I invited comments on Apple’s carbon-dev mailing list, and some people objected to the paragraph quoted above. In particular, Apple engineer Eric Albert wrote:
I’d probably moved more Mac OS X code to Intel than anyone else before the announcement — some of the iApps and a bunch of other apps, plus a ton of work in the OS — and of the code I’d worked on, the Cocoa apps happened to take more work than the Carbon ones. That was really nothing more than coincidence because the Carbon apps I was working on dealt with structured data better than the Cocoa ones, but there’s nothing inherently more complex about the Intel transition for Carbon than there is for Cocoa. Mathematica, which is most assuredly a complex Carbon app, took four hours to get up and running on Intel, faster than any other app I’ve seen.
The primary reason for some Carbon apps taking a long time to move to Intel was that they weren’t using Mach-O or Xcode at the time the transition was announced and both were required for Intel support.
Carbon apps already using Mach-O and Xcode came over to Intel fairly easily.
Well, that’s quite definite; I was wrong there. I was wondering why, though, and here’s what I found: the RDF is to blame…
Here’s what Steve Jobs said at the WWDC 2005 keynote, where I was physically present, and quite near the front too:
So, let’s take a look at this again: Widgets, Scripts and Java just work. Cocoa apps, literally a few days and your Cocoa app’s going to be running with an Intel version. Carbon apps, it’s to be a few weeks, a few more tweaks, although there are exceptions to that although we maybe overstating it here, which we’ll see in a minute. And and in Metrowerks we don’t know, you’ve got to get to Xcode. So the key here is getting to Xcode.
And I distinctly remember the same point being made later in the reserved “state of the union” sessions: click a checkbox in Xcode, “boom” for Cocoa… not that easy with Carbon.
There it is then. I don’t have any Carbon apps myself, and didn’t have to migrate anything from Metrowerks CodeWarrior either, so I thought Carbon was to blame for stuff like the Adobe Photoshop delay. I’ll update my original post below; thanks to everybody who sent in comments.

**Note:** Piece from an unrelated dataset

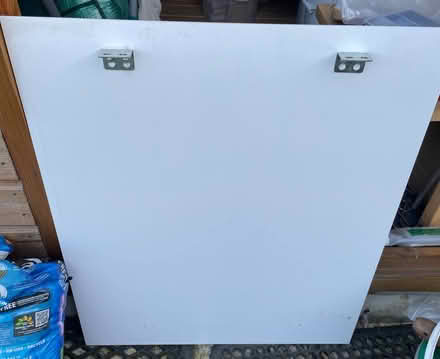 Photo of free White Kitchen cupboard door (Welling DA16) #1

It’s over and reactions have been coming in from everywhere. Many people were, to put it mildly, disappointed. So how did I do?
Hardware: I said “not likely but hoped-for”. No hardware announcement, and the stock fell about $4 as soon as this became apparent – the webstore was down, but apparently just for a general style makeover.
“OS X” SDK and consolidation: nothing, so no hardware development kit either. This is actually what I’m most disappointed about. No mention of OS X at all, as far as I could make out.
Leopard beta release on the ADC site: Steve said it’d be for attendees only but very few people heard exactly what he said. I still hope it’ll be out next week.
Apps included: little was mentioned, some changes are on the website now.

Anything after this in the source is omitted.